**Work to complete:**
Your copy should match the records below word for word and contain no pictures.

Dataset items

|---|

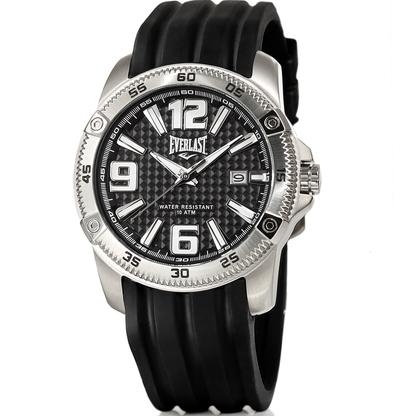 Relógio de Pulso Everlast Masculino Pulseira Silicone Preto Calendário E189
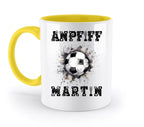 Weiß keramiktasse mit gelbem griff und innenfarbe mit fußball grafik und andpff martin text personalisiert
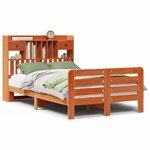 vidaXL Lit bibliothèque sans matelas cire marron 135x190 cm pin massif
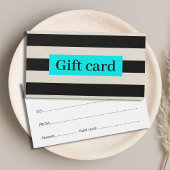 Elegante moderne beige zwarte turquoise strepen visitekaartje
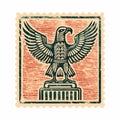 Vintage Thunderbird Stamp: Isolated Old Print On White Background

|---|

**Written answer:**
 Relógio de Pulso Everlast Masculino Pulseira Silicone Preto Calendário E189
 Weiß keramiktasse mit gelbem griff und innenfarbe mit fußball grafik und andpff martin text personalisiert
 vidaXL Lit bibliothèque sans matelas cire marron 135x190 cm pin massif
 Elegante moderne beige zwarte turquoise strepen visitekaartje
 Vintage Thunderbird Stamp: Isolated Old Print On White Background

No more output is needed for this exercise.